[Scraped caption text data]
*-*-*
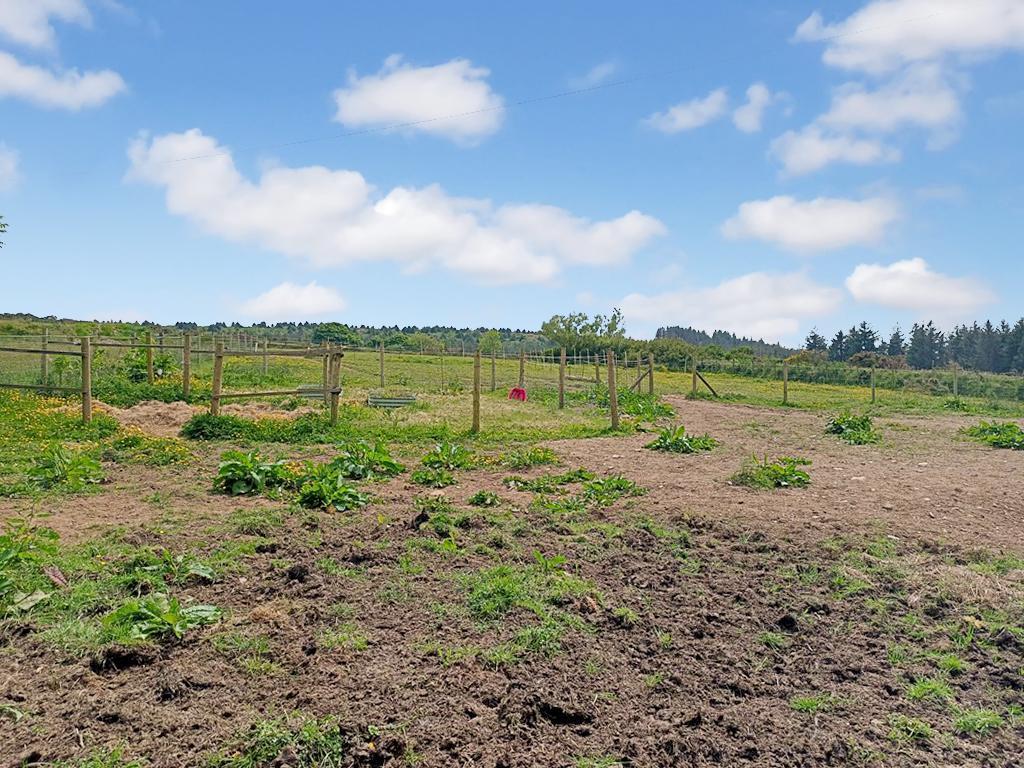The Land - Circa 1.5 Acres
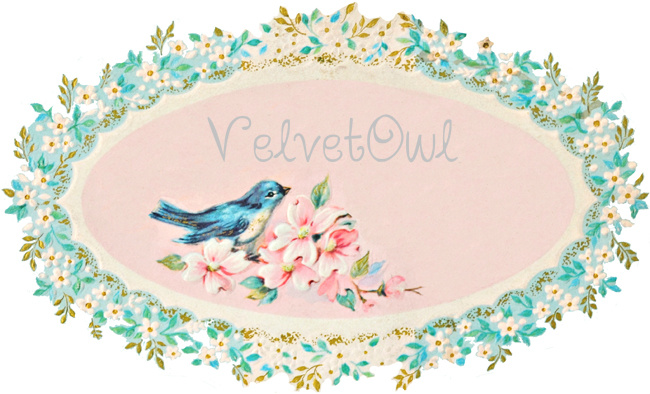 VelvetOwl - Beauty, Fashion & Lifestyle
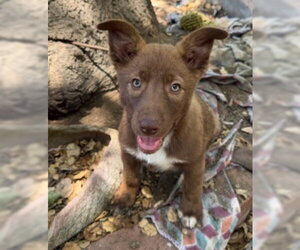 Border Collie-Siberian Husky Mix Dogs for adoption in Ventura, CA, USA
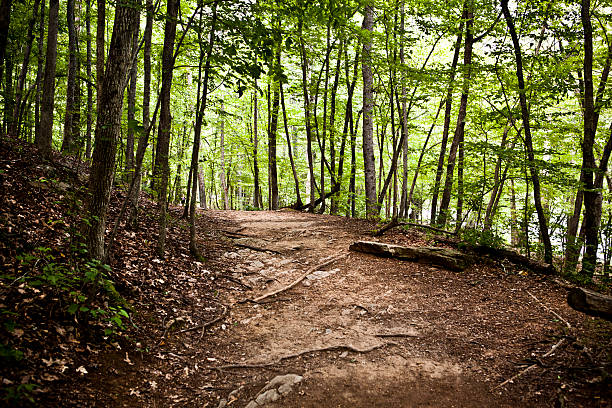 Long path in a green deciduous forest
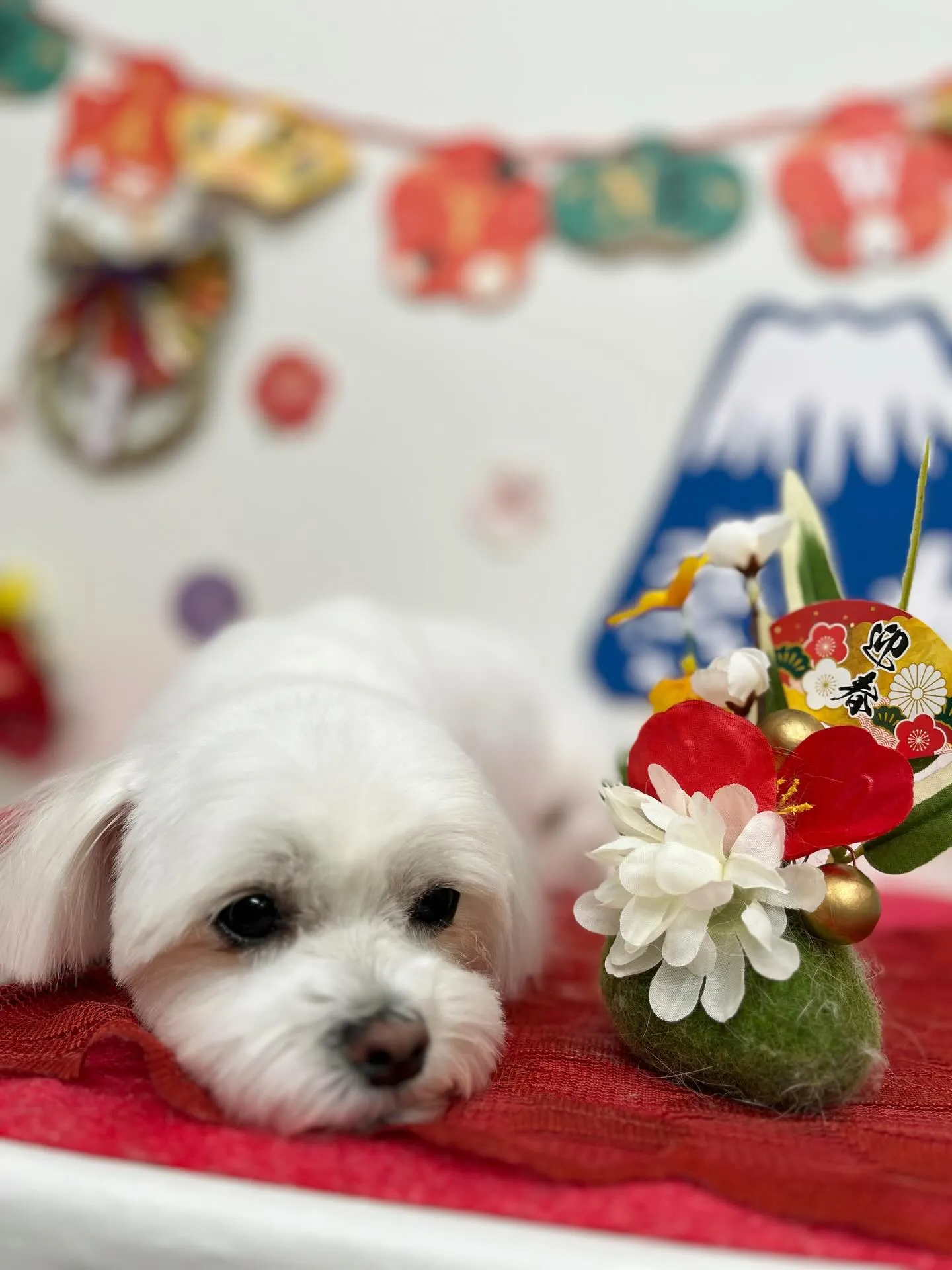 咲ちゃん🎍🩷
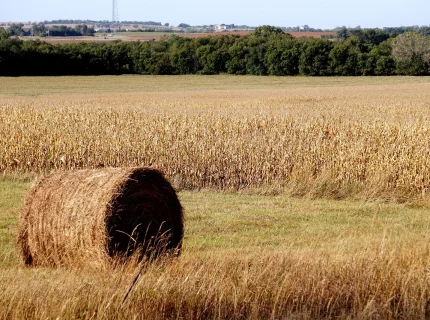 hayfield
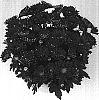 Chrysanthemum%20morifolium%20%27Swing%20Time%20Red%27
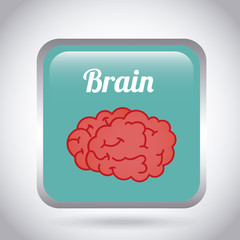 brain icon design
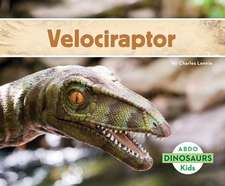 Velociraptor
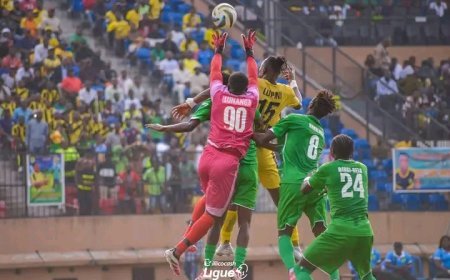 Linafoot D1 : Suspension provisoire du résultat entre Maniema Union et DCMP après incidents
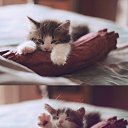 ���� �����, �����������, 28 ��� - ��������� 12 ������� 2014 � ������ ������ ��������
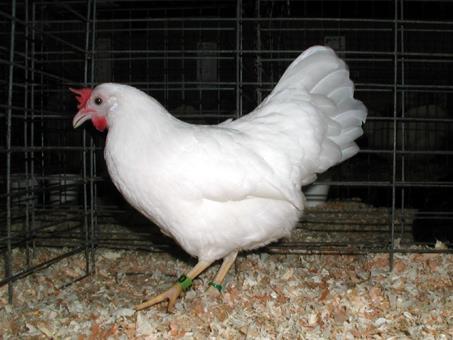 Effetti dei polifenoli e degli acidi grassi a corta-media catena nell alimentazione del pollo da carne e nelle ovaiole Giovedì 6 ottobre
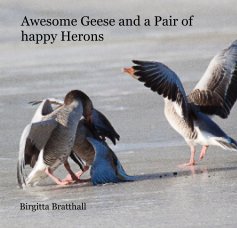 Awesome Geese and a Pair of happy Herons book cover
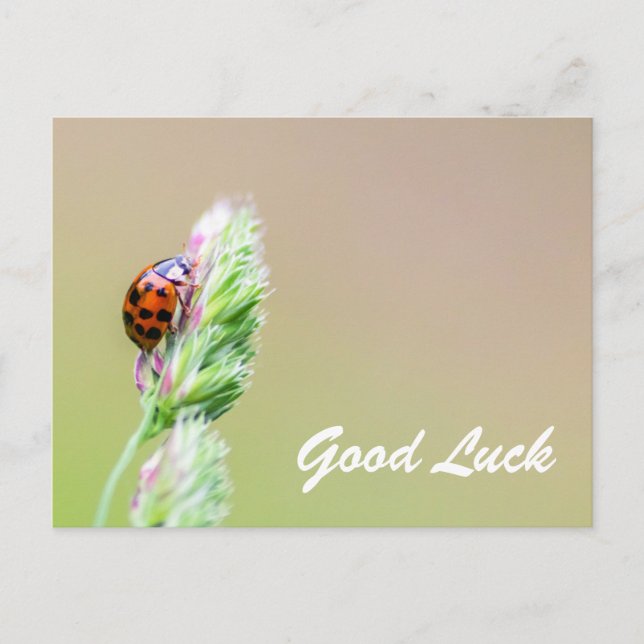 Viel Glück mit niedlichen kleinen Ladybugs! Postkarte (Vorderseite)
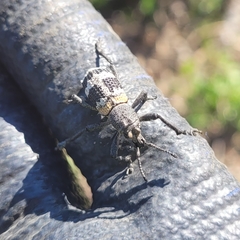 Aegorhinus phaleratus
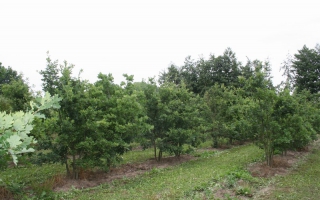 Quercus robur meerstammig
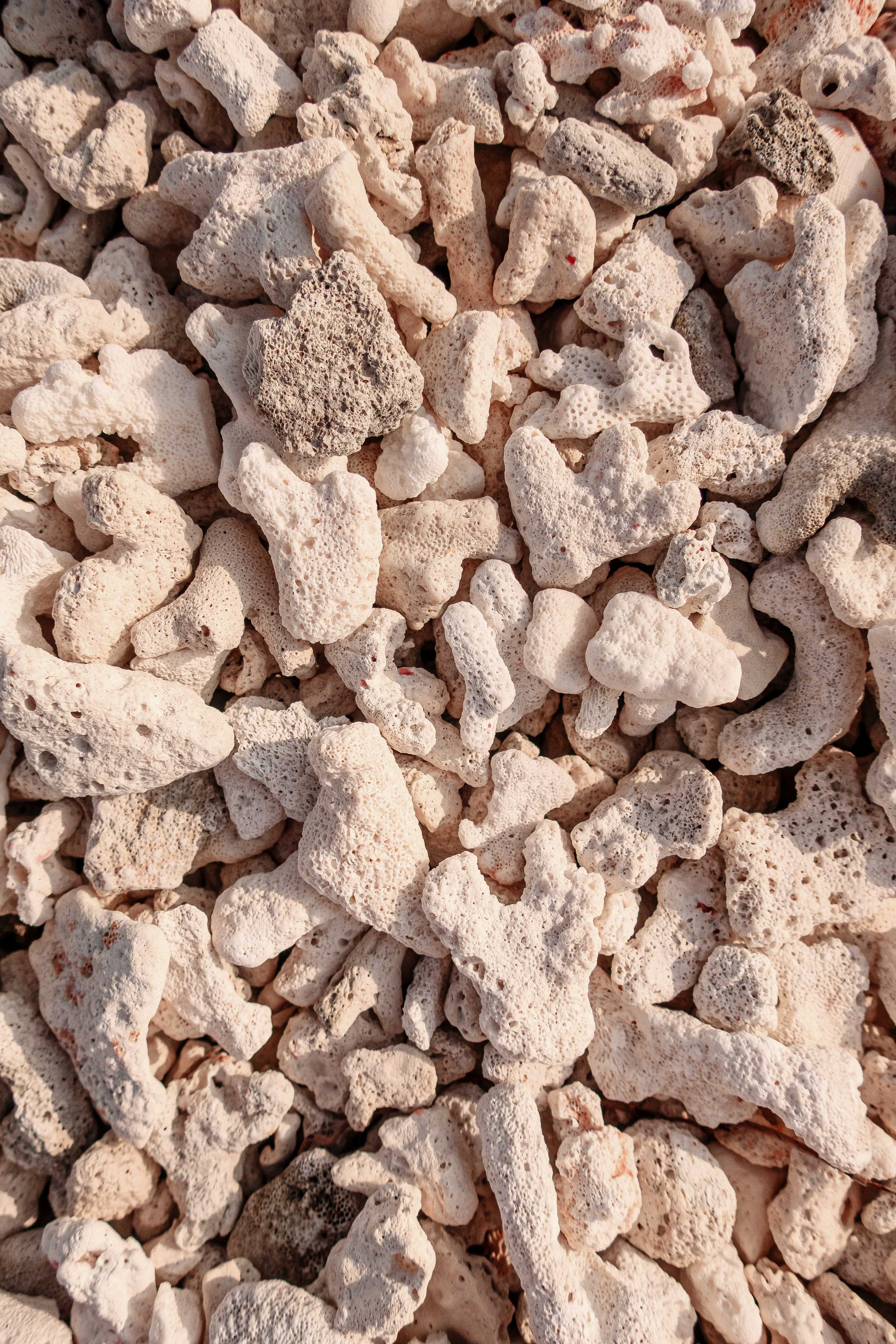 О.Тулусду. Мальдивы. Фотограф Светлана Голицына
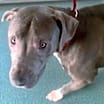 Thumbnail photo of Chalupa #3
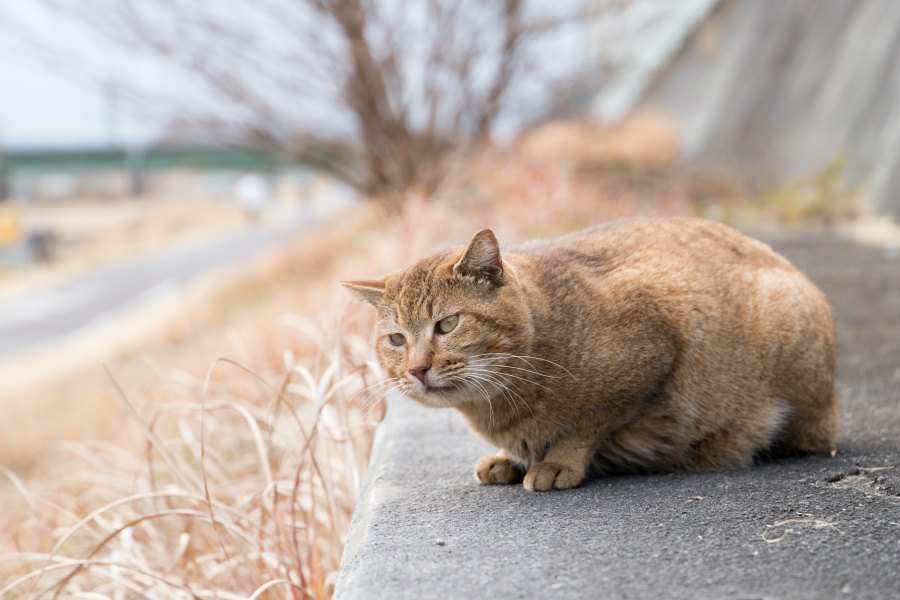 困っている野良猫を見かけたら…あなたにもできる４つのケース別対応方法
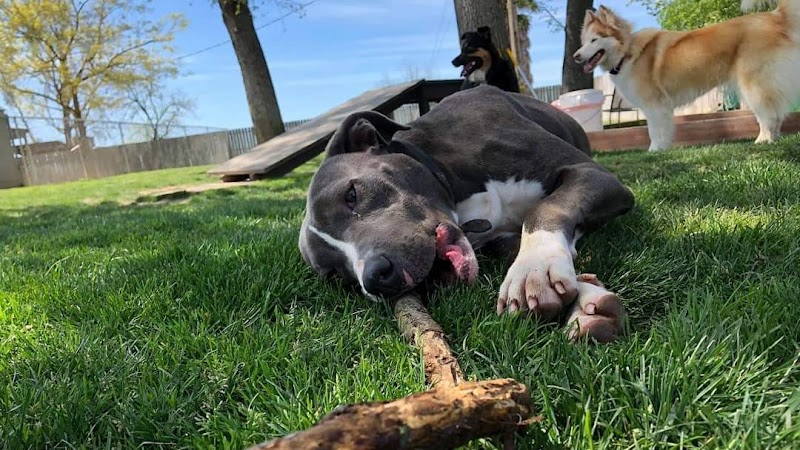 Sunset Kennels - Dog Park in Lodi, CA | Indoor Dog Park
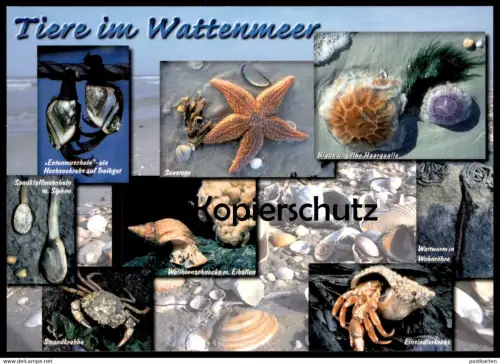 POSTKARTE TIERE IM WATTENMEER MUSCHEL COQUILLAGE DE MER sea Shell Seestern star etoile Krebs crab crabe postcard cpa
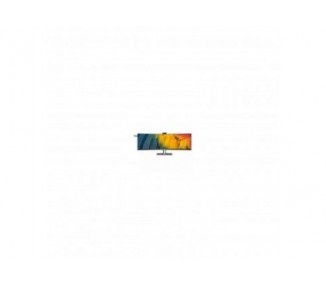 Monitor Profesional Curvo Philips 45B1U6900Ch 44.5"/ Dual Qh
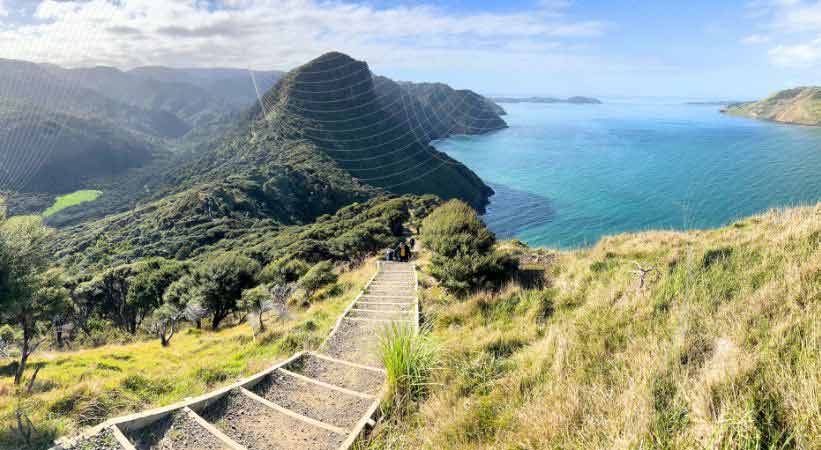 waitakere ranges regional park image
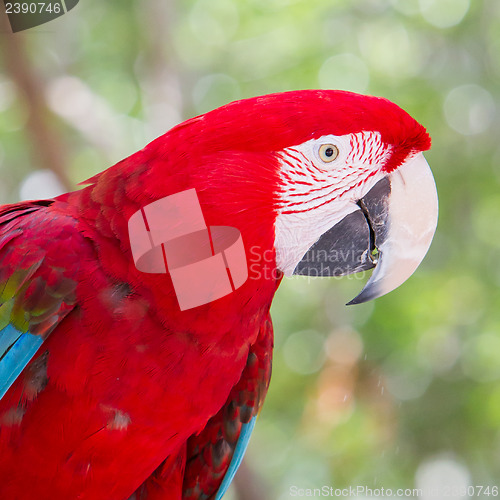 Image of Red Macaw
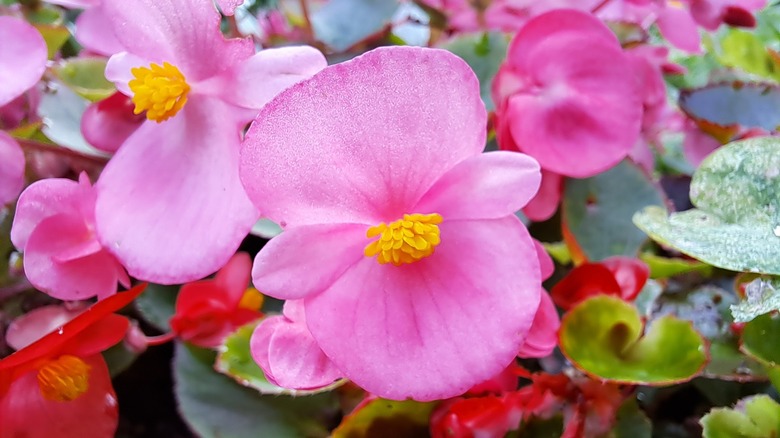 A delicate, pink wax begonia flower with a yellow center.
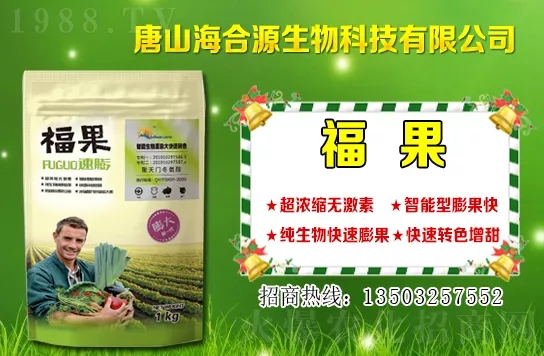 目前小麥?zhǔn)召彾嗌馘X一斤?小麥價(jià)格行情如何?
*-*-*
● **Try it**:
An exact copy of all the entries above is required, with every picture left out.

● **Result of this exercise**:
The Land - Circa 1.5 Acres
 VelvetOwl - Beauty, Fashion & Lifestyle
 Border Collie-Siberian Husky Mix Dogs for adoption in Ventura, CA, USA
 Long path in a green deciduous forest
 咲ちゃん🎍🩷
 hayfield
 Chrysanthemum%20morifolium%20%27Swing%20Time%20Red%27
 brain icon design
 Velociraptor
 Linafoot D1 : Suspension provisoire du résultat entre Maniema Union et DCMP après incidents
 ���� �����, �����������, 28 ��� - ��������� 12 ������� 2014 � ������ ������ ��������
 Effetti dei polifenoli e degli acidi grassi a corta-media catena nell alimentazione del pollo da carne e nelle ovaiole Giovedì 6 ottobre
 Awesome Geese and a Pair of happy Herons book cover
 Viel Glück mit niedlichen kleinen Ladybugs! Postkarte (Vorderseite)
 Aegorhinus phaleratus
 Quercus robur meerstammig
 О.Тулусду. Мальдивы. Фотограф Светлана Голицына
 Thumbnail photo of Chalupa #3
 困っている野良猫を見かけたら…あなたにもできる４つのケース別対応方法
 Sunset Kennels - Dog Park in Lodi, CA | Indoor Dog Park
 POSTKARTE TIERE IM WATTENMEER MUSCHEL COQUILLAGE DE MER sea Shell Seestern star etoile Krebs crab crabe postcard cpa
 Monitor Profesional Curvo Philips 45B1U6900Ch 44.5"/ Dual Qh
 waitakere ranges regional park image
 Image of Red Macaw
 A delicate, pink wax begonia flower with a yellow center.
 目前小麥?zhǔn)召彾嗌馘X一斤?小麥價(jià)格行情如何?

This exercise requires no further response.